4. Check Annex III (use-case based)
Map your system's intended purpose against the 8 Annex III categories. A system is high-risk if its intended use falls within any of these areas.
5. Apply the Article 6(3) exception
Even if listed in Annex III, a system is NOT high-risk if it does not pose a significant risk of harm and is used for narrow procedural tasks, to improve a human decision, or for preparatory tasks only.
6. Document your reasoning
Record the classification decision, the criteria applied, and the evidence supporting it. This audit trail protects you regardless of the outcome.
Common classification mistakes
- Assuming rule-based systems are automatically out of scope — hybrid systems with ML components are in scope.

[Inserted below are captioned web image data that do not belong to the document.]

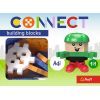 Конструктор Trefl Connect с игровой фигуркой Adi 35 деталей (5900511619812) изображение 4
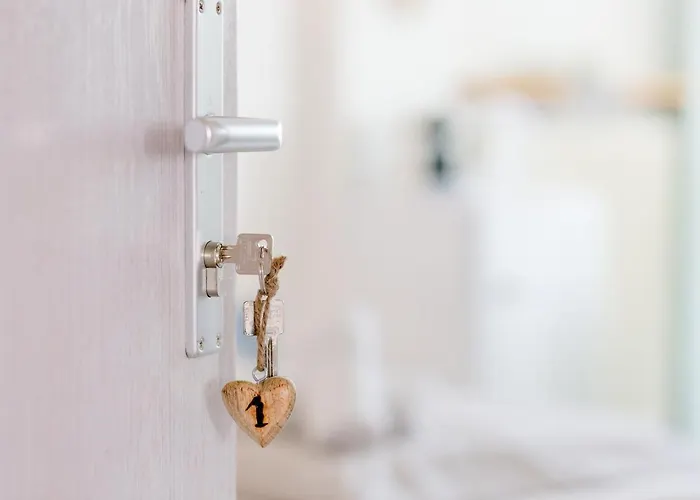 Pensión Gaestehaus Chalet-perle Bad Füssing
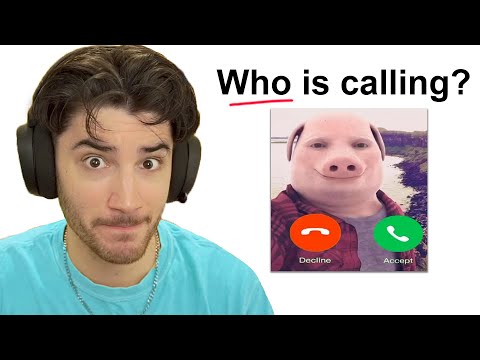 Видео: Криспи проходит тест «Гниль мозгов»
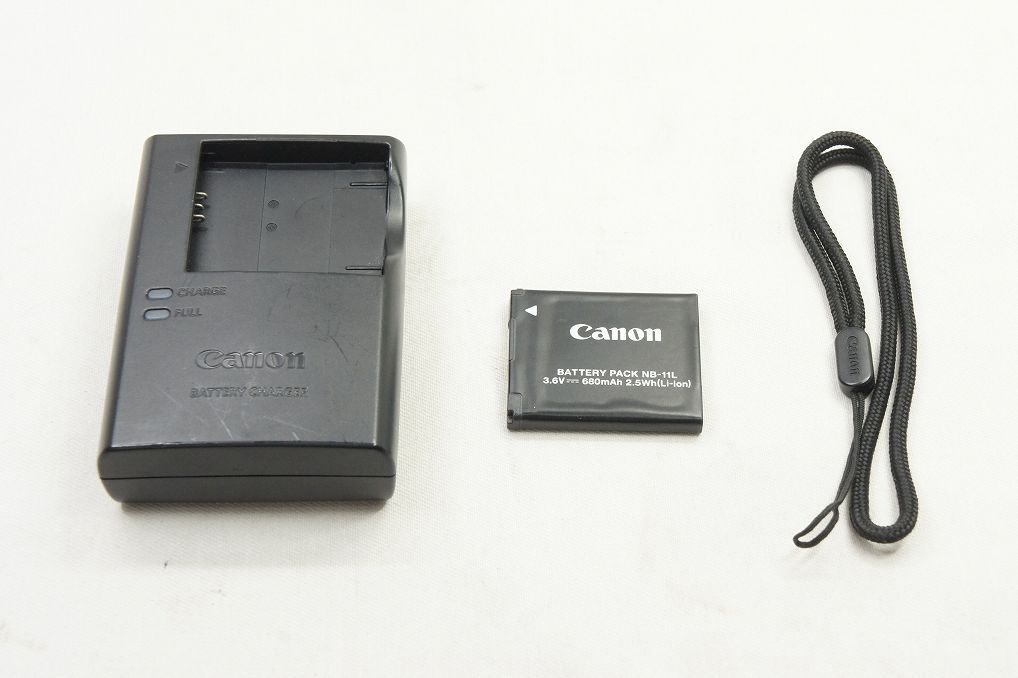 Canon キヤノン PowerShot A3500 IS 小売 コンパクトデジタルカメラ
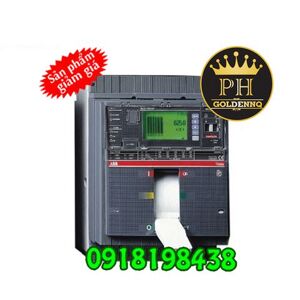 Cầu dao MCCB ABB T7L - 1000A 120kA 4P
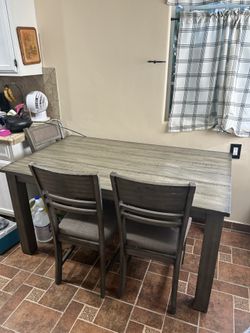 7pcs Dinning Table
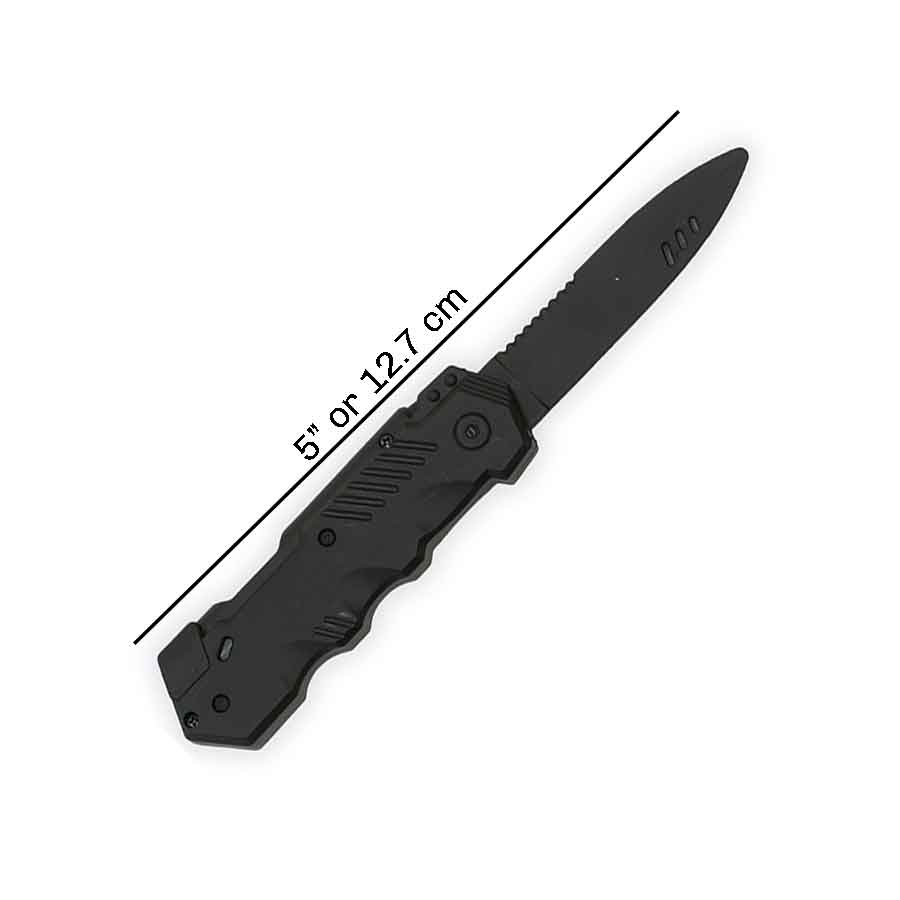 Prop Switchblade Shop Retractable Prop Knife - WesternStageProps.com · Western Stage Props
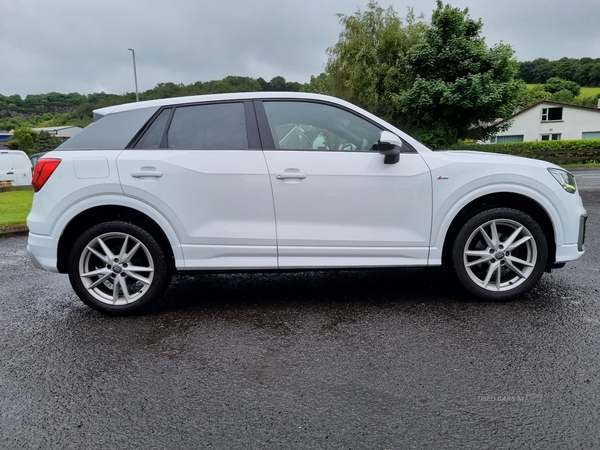 Audi Q2 DIESEL ESTATE in Derry / Londonderry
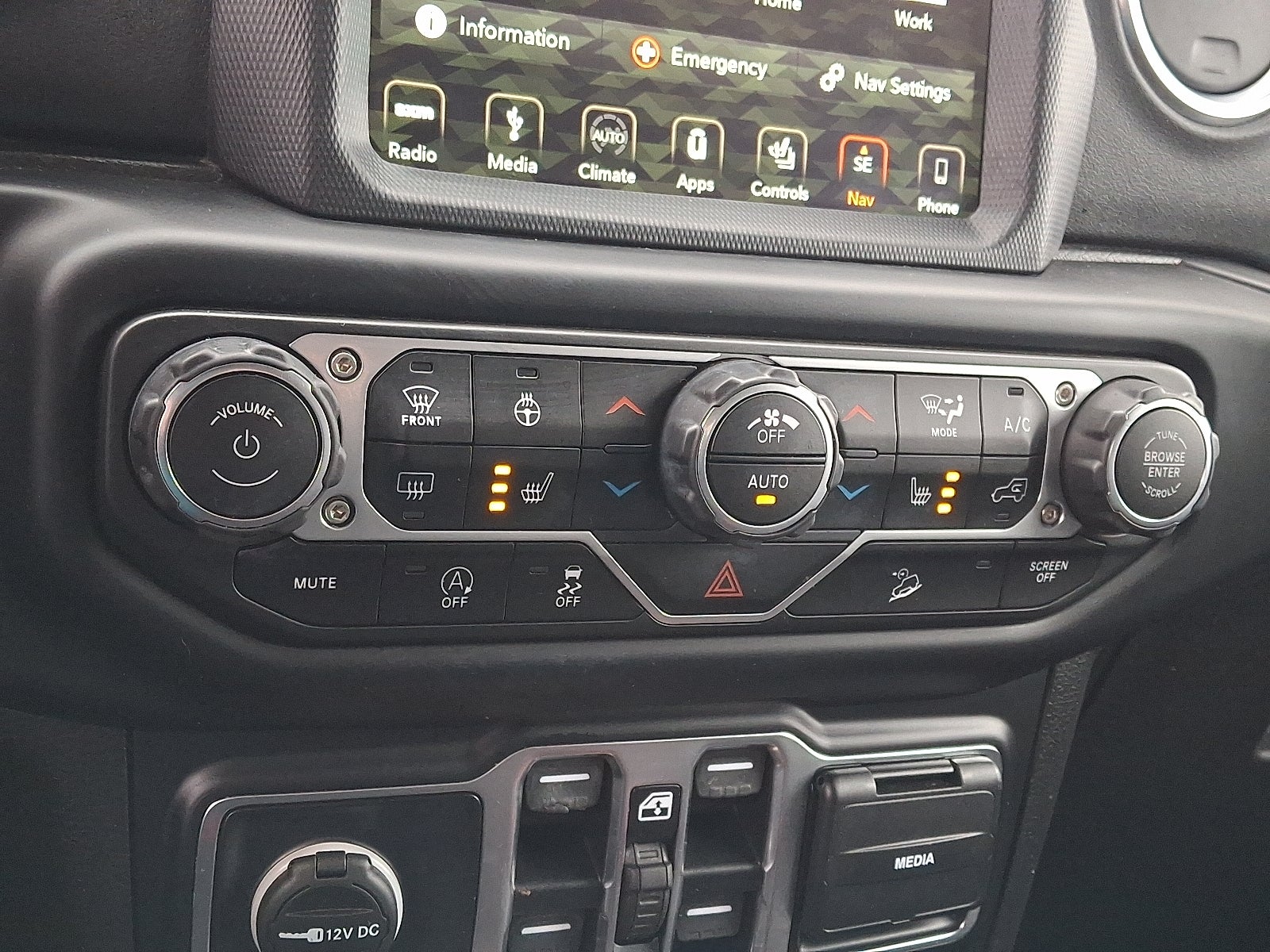 2019 Jeep Wrangler Unlimited Sahara 4x4 4WD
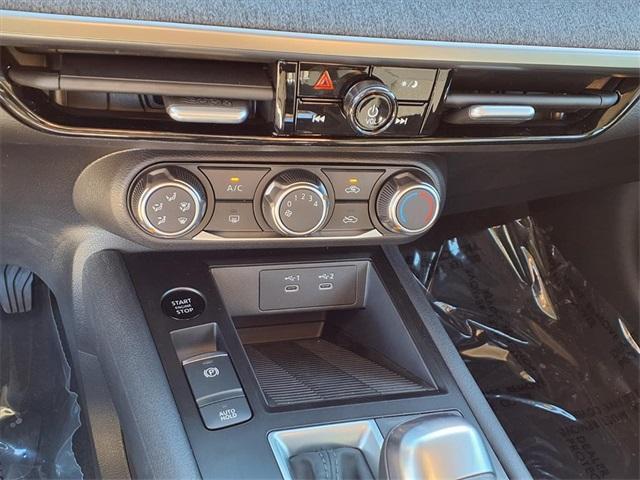 new 2026 Nissan Kicks car, priced at $24,455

- Classifying based on the technology instead of the intended purpose and deployment context.
- Overlooking AI components embedded in third-party SaaS tools your organisation uses.
- Ignoring the Article 6(3) exception and over-classifying systems as high-risk unnecessarily.
- Treating classification as a one-time exercise — reclassification is required after significant modifications.
How ActLoom automates classification
- AI-powered classifier — register your system and get an instant risk classification with documented reasoning chain.
- Article 6(3) exception check — automatically evaluates whether your system qualifies for the exception, avoiding unnecessary compliance burden.
- Audit-ready documentation — classification decisions are logged with timestamps, criteria, and evidence for regulator inspection.
- Change monitoring — get alerts when system modifications may require reclassification.
Related resources
Frequently asked questions
- What are the 4 risk levels in the EU AI Act?
- Unacceptable (banned under Article 5), High (full compliance + CE marking), Limited (transparency obligations), and Minimal (no mandatory requirements).
- How do I know if my AI system is high-risk?
- If it is a safety component of a product requiring third-party conformity assessment (Annex I), or its intended purpose falls in one of the 8 Annex III categories. The Article 6(3) exception may apply for narrow procedural tasks.
- What is the Article 6(3) exception?
- Even if listed in Annex III, a system is NOT high-risk if it poses no significant risk of harm and is used for narrow procedural tasks, to improve a human decision, or for preparatory tasks only. This must be documented.
- What are the consequences of misclassification?
- Classifying too low risks fines up to €15 million or 3% of global turnover. Classifying too high wastes resources. Classification must be reviewed after significant system modifications.
- Who is responsible for classification?
- Providers bear primary responsibility. Deployers must verify, especially when changing intended purpose. Importers and distributors must verify before distributing in the EU.